PLP MP Michael Scott, who owned a law practice with Dame Lois, said her death seemed "so surreal."

He also spoke of her humorous side and of how she was a great inspiration.

"She was a lady of this nation," he said.

Former PLP senator Walter Roban said Dame Lois was his "political mother."

He said he first met her in 1988 at the Democratic Party National Convention in Atlanta and he was so inspired, he joined the PLP the following year.

She was a warm, genuine person, who had charisma. "I consider her to be a political genius," Mr. Roban said.

He said she had a tough road as a PLP leader, trying to keep a party together during its long years in opposition, and as it evolved from an embryonic grassroots organization to becoming a serious contender to lead the government.

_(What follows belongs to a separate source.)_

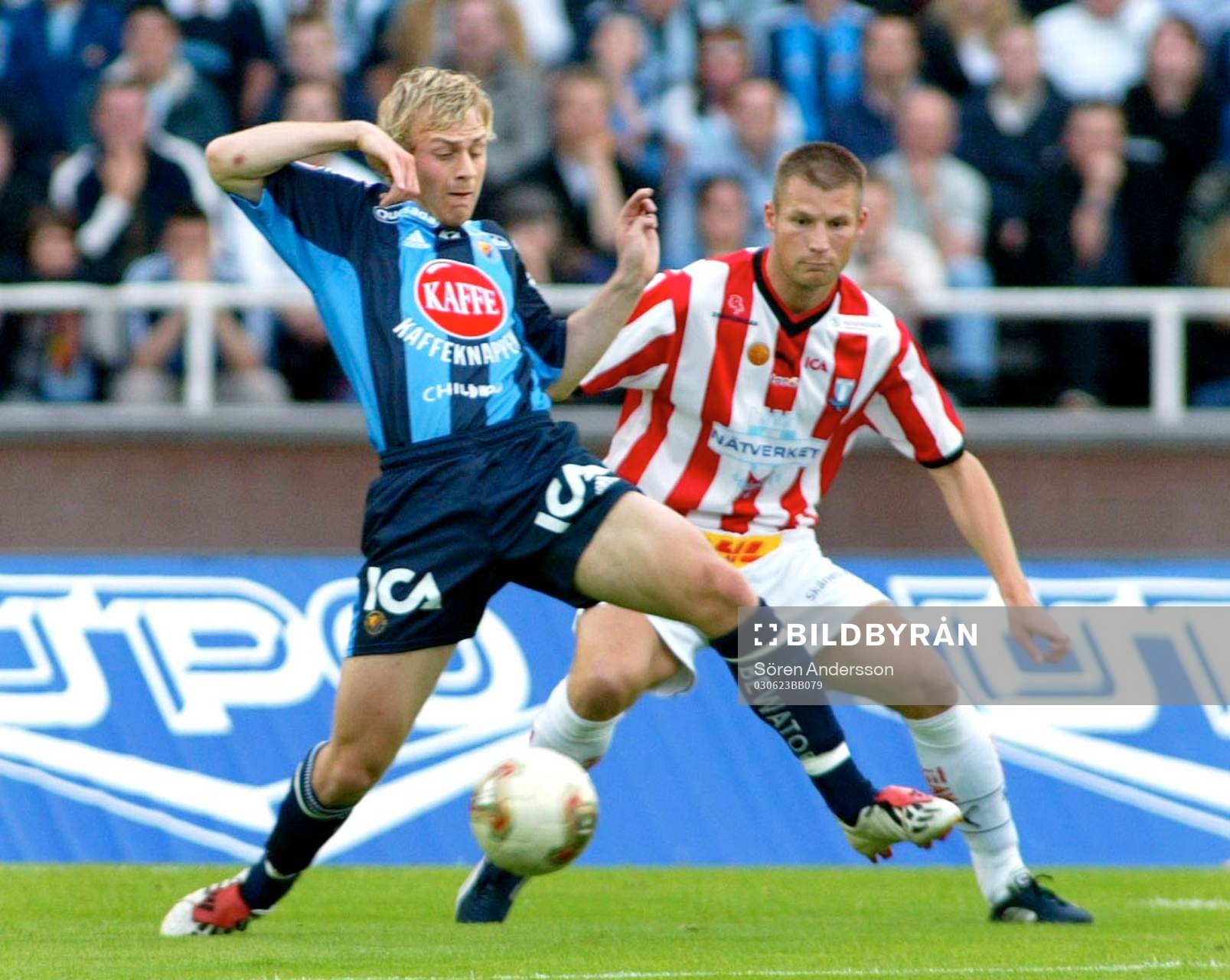Daniel Sjölund, Djurgården och Jussi Nuorela, Malmö FF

At one point, in 1965, she was the only PLP representative in Parliament.

"She kept the candle burning for the PLP," he said.

He said it was no secret that she was on the receiving end of criticism from PLP supporters and her political opponents, but the support she received from her family was of great assistance. People whose views of her were formed by what they had read in the headlines were surprised to discover how charming she was when they met her in person.

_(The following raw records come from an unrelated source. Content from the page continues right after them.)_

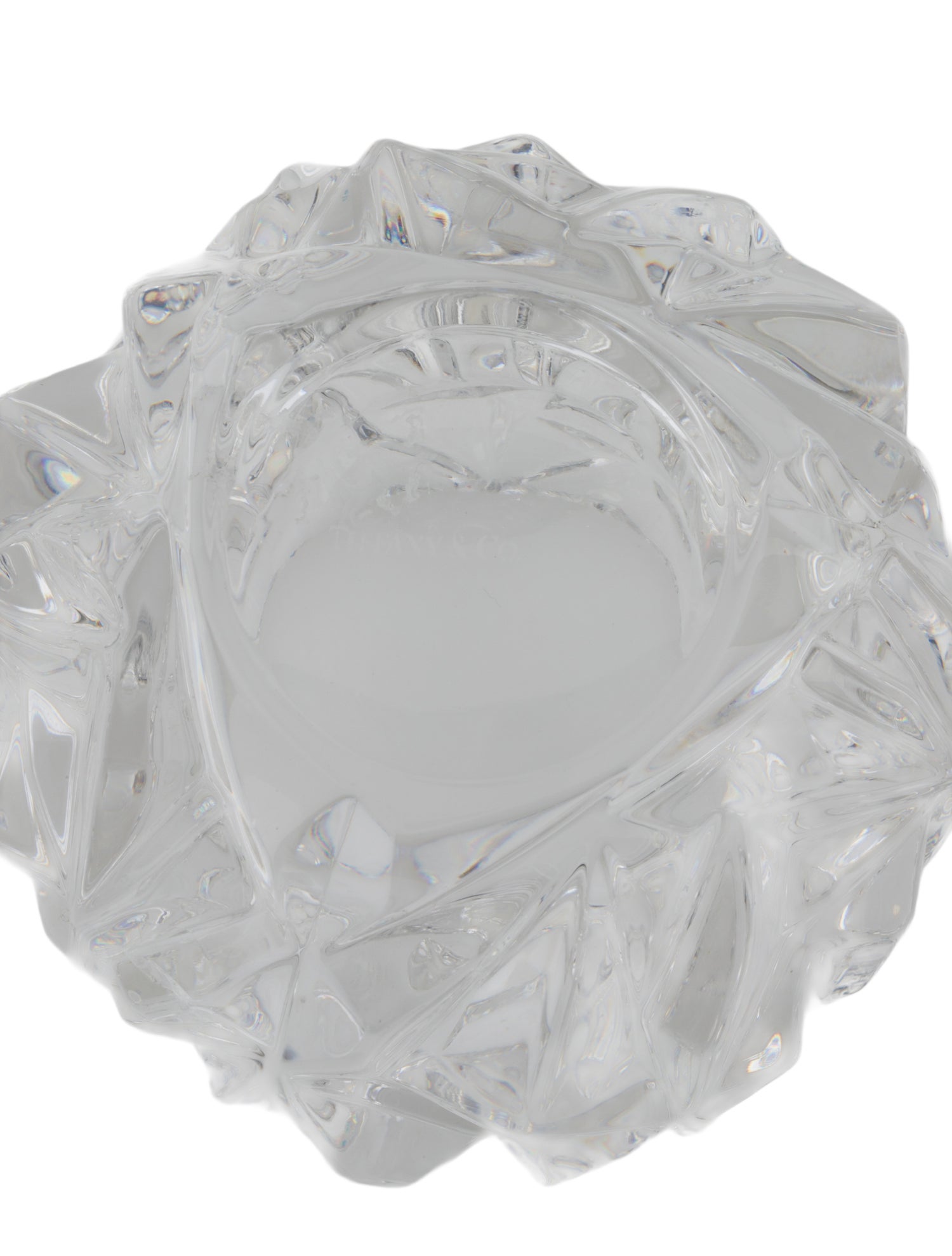 Tiffany & Co. Rock Cut Votive Candleholder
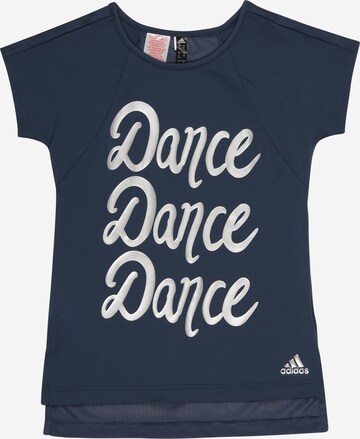 ADIDAS PERFORMANCE - Camiseta funcional 'Dance' en azul: frente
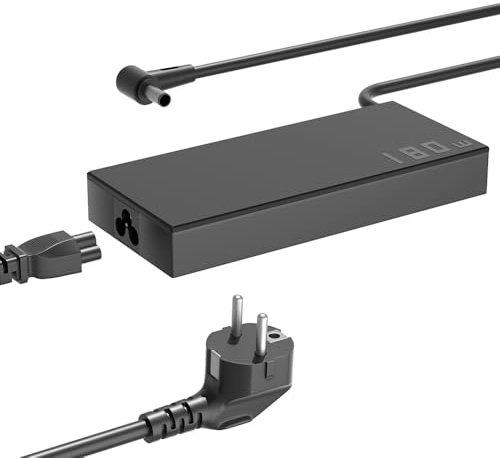 SLRIOYS 180W Netzteil Ladekabel Kompatibel mit Asus TUF Gaming A15 A17 FA506 FA566 FA706 F15 F17 FX505 FX516 F705 FX706 TUF505 TUF516 TUF705 TUF706 FA706II FX505D FX506L FX506H FX705D FX706H Laptop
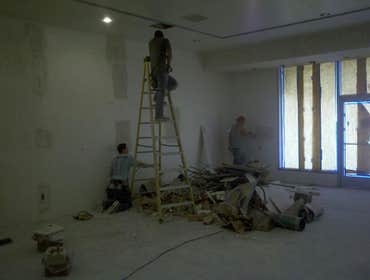 New Balance Shoe store Remodel an old building to a top of the line retail store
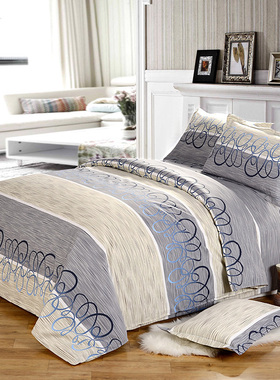 全棉老粗布被套单件纯棉布加厚儿童学生单人双人被罩1.5米1.8m床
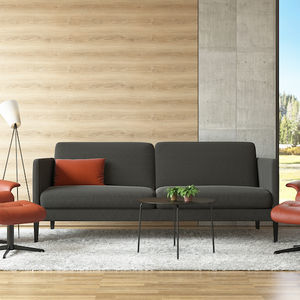 Scandinavian design upholstered bench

Mr. Roban also spoke of her key involvement in the 1966 constitutional conference which laid the foundation for Bermuda becoming a democracy.

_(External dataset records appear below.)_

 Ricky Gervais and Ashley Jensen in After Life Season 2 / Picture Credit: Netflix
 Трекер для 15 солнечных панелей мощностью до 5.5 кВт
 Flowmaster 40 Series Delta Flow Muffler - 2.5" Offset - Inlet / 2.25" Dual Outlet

"She had to lead the party through hard times," he said, "and we have all

benefited."

From the other end of the political spectrum, Opposition Leader Michael Dunkley joined in the flood of tributes. He said: "Always approachable, always friendly and never afraid of controversy, Dame Lois was one of the major personalities of her time. "From the moment she entered politics as a member of the class of 1963, she was part of the headlines of our lives as Bermudians.

"We will miss her. One of the things I admired about Dame Lois was the cross-party camaraderie she exhibited - a reminder that we as politicians can have political differences and heated argument while maintaining cordial relations among ourselves."

The Bermuda Bar Association said in a release that Dame Lois was "an outstanding and respected member of the Bermuda bar. "Others will speak to her manifold achievements in the political world. We, as lawyers, can speak to her work in her chosen profession. Her first tremendous achievement was in embarking on a career in law in the first place."

It added: "In 1953, it was no mean feat for a young black woman to become a barrister when the profession was the bastion of white men.

"She embarked on her chosen career path with courage and fortitude and in doing so paved the way for many women to follow in her footsteps. In every sense of the word, Dame Lois was a trailblazer."

Political commentator Walton Brown said: "Lois Browne-Evans was the leading light during a period of rupture and change in Bermuda."

In the 1960s and 70s, she represented "powerful symbols of change and social justice."

Her powerful oratory enabled her to express the sentiments of ordinary Bermudians. She evoked the aspirations and gave life to the struggles of so many average Bermudians, he also said. "She challenged the old guard and people identified with her fervent desire for social justice. She cast a long shadow. You cannot imagine Bermuda's political development without the contribution of Lois Browne-Evans."